Thursday, December 10, 2015

Update


We still have Daks, he's 5months old now.  And we have a 3year old boy I have nicknamed Ronny for your sake.  Ronny has been with us almost two months now.  I love these kids sooooo much!  But it's starting to dawn on me just how temporary these kids may be in my house.  I think when/if this months cycle comes around it'll be emotionally harder on me than it has been in a while.

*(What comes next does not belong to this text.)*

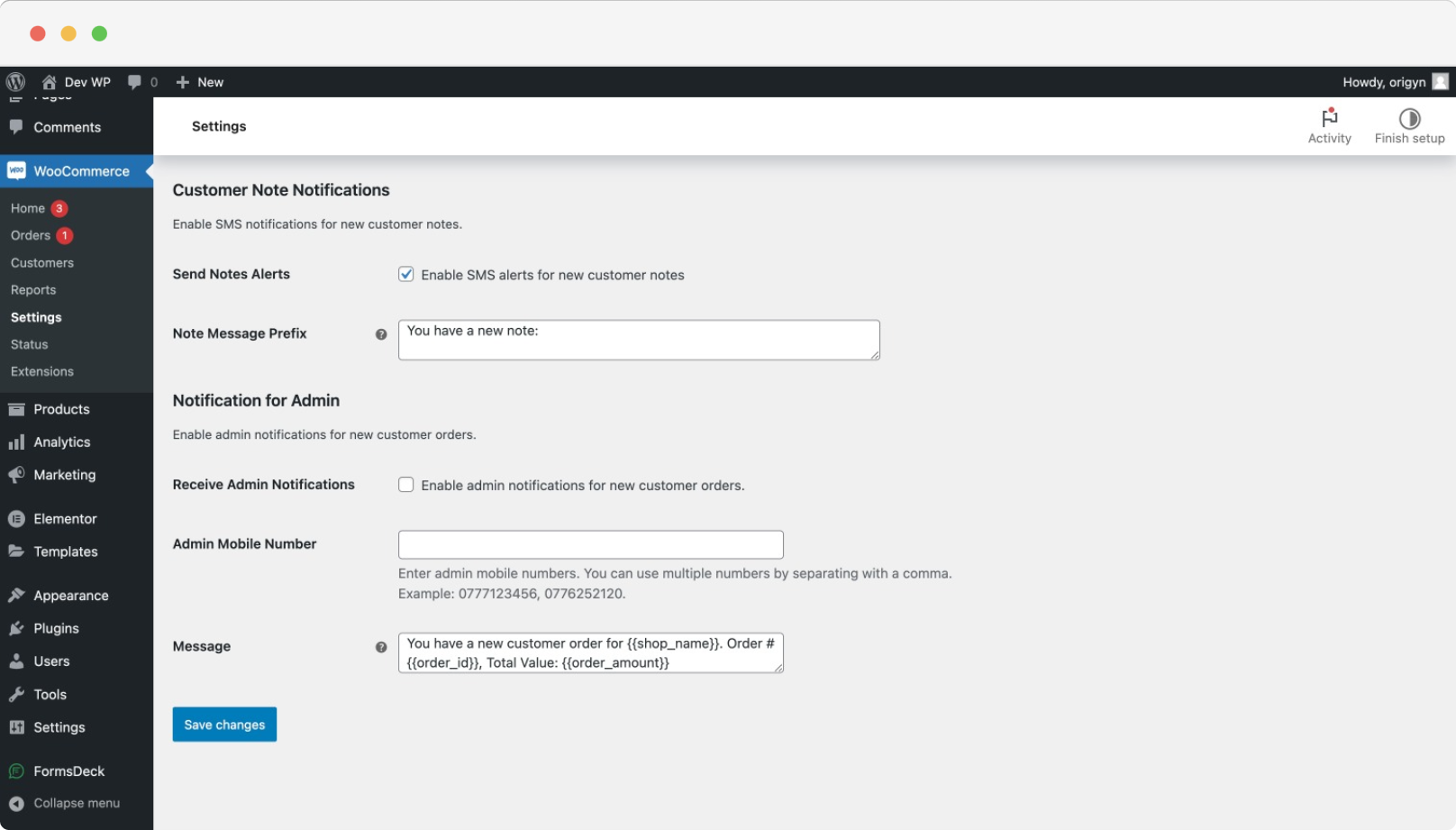 Notifications for Admin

You see I wasn't thinking about pregnancy when I was getting up several times a night to feed newborn Daks.  I wasn't thinking about pregnancy when we were working on moving Daks out of our room because he was starting to sleep through the night.  I wasn't thinking about pregnancy when Daks got his first tooth, or his second.  I wasn't thinking about it when he got his first shots.  And I wasn't thinking about pregnancy when Daks' parents were not coming to visits for such-n-such reasons.  No instead I was dreaming up what we might change his name to if we adopted him...  In fact we did pick out a name and started calling him that at home, completely losing sight of the fact that his parents need our prayers, that it's not hopeless for them to turn their lives around, that there is still a chance he will return home - and that home isn't ours.

As a foster parent I'm supposed to do what I can to support reunification.  Picking out a name?!  It doesn't matter who planted the thought of picking out a name already in our heads, the fact is I knew better than to listen to those thoughts.  And after probably a month of calling him something else at home... we're back to calling him his actual name all the time because we should never have tried to switch our thinking.

Know what brought me back to reality?  Daks bio-mom is doing good now.  It's looking hopeful for her now.  She's not ready to take him back just yet, but she still has time.  And there for a while the better she would do the more my sinful nature would come out in thoughts wishing her to fail so I could selfishly keep her child for myself.  Talk about some thoughts not coming from God!  No God was poking us in the side going "Hey, I love her too. She's lost and I want her to come home to Me. Yes she messed up, but how many times have you? I forgave you over and over again, why can't I forgive her?  You need to forgive her and get over it, there's a bigger picture here than just your desire for a child."